I am a backer of GENIUS LOCI which is edited by Jaym Gates. You may check out the Kickstarter here.
This is the fourth in a series of interviews with many of the authors and the artists involved in GENIUS LOCI. I hope you enjoy meeting them here at The Qwillery as much as I am!
I am a backer of GENIUS LOCI which is edited by Jaym Gates. You may check out the Kickstarter here.
TQ: Welcome to The Qwillery. What are the challenges in writing in the short form as opposed to the novel length? Are you a plotter or a pantser?
Rebecca: Economy. I’m not an economical writer, so short fiction is a necessary discipline for me. I like the sprawl of a novel, but for the last two years I’ve focused on short fiction because I need that discipline.
And I’m absolutely a pantser! If I know too much about where a story is going I lose interest in writing it.
TQ: Who are some of your favorite authors and literary influences?
Rebecca: My favourite authors: Haruki Murakami, George Eliot, Angela Carter, Ursula K LeGuin, Kazuo Ishiguro. I hope they’re influences, but mostly I think I’m just a happy fan of their work.
I also don’t think I’ll ever get out from under the shadow of my early favourites: SF and Fantasy novels by Susan Cooper, John Wyndham, E Nesbit, Alison Utley. I feel a lot of their influence in my speculative fiction.
TQ: Which question about your writing do you wish someone would ask? Ask it and answer it!

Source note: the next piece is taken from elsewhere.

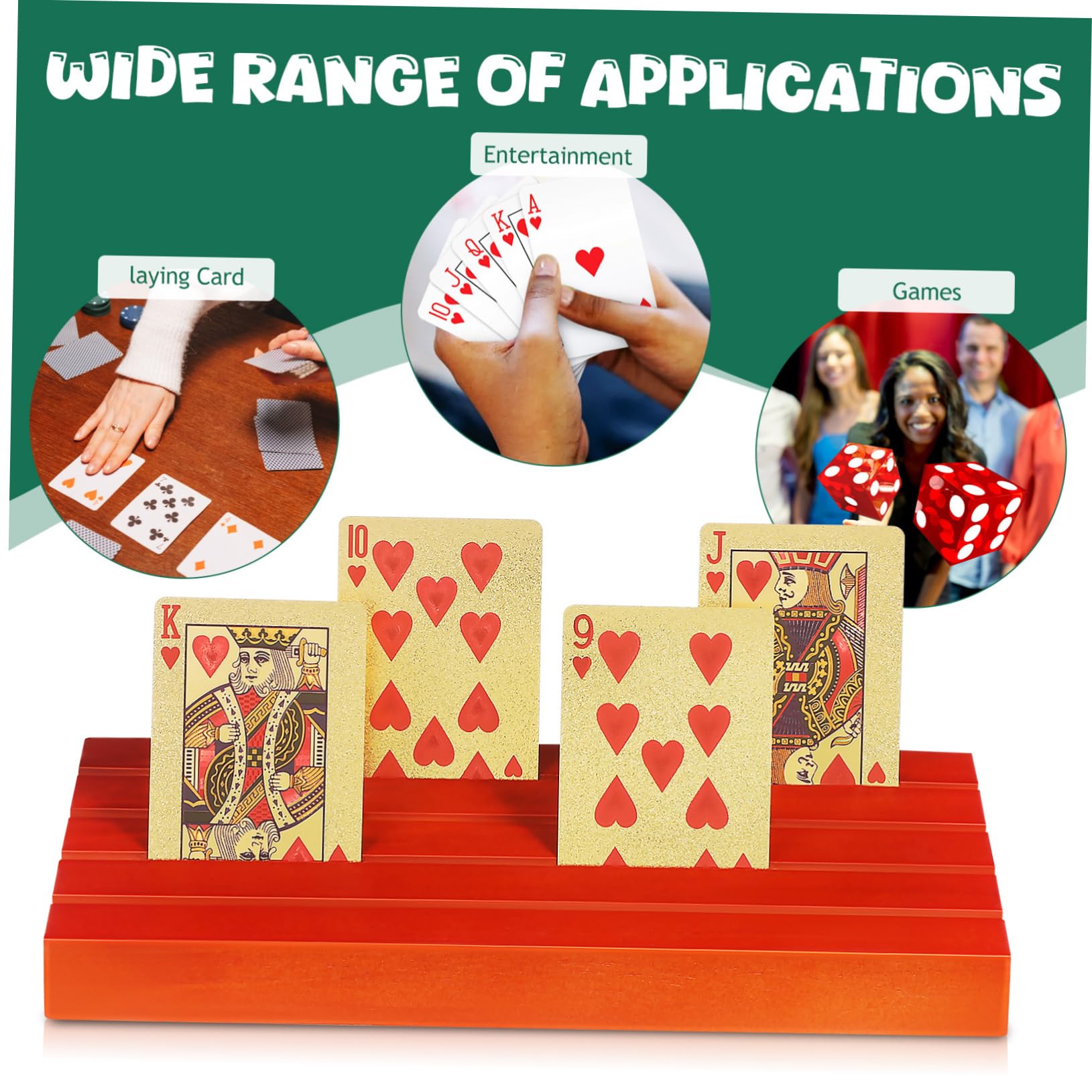 VICASKY 2 Soportes para Cartas de Juego de Madera Marrón, Base para Naipes, Acceso Fácil y Comodidad en Partidas, 2 Piezas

Rebecca: I had to think about this one. I wish someone would ask me about how my academic research informs my creative work, because I’m interested in the question. But I don’t quite know what the answer is, except that my research has left me thinking about how we manage information, how we digest it and make sense of when we’re overwhelmed by the massive archive available. Sometimes I feel like I write fiction because it’s easier to make sense of ideas through stories than through the kind of analysis I’ve been trained to do.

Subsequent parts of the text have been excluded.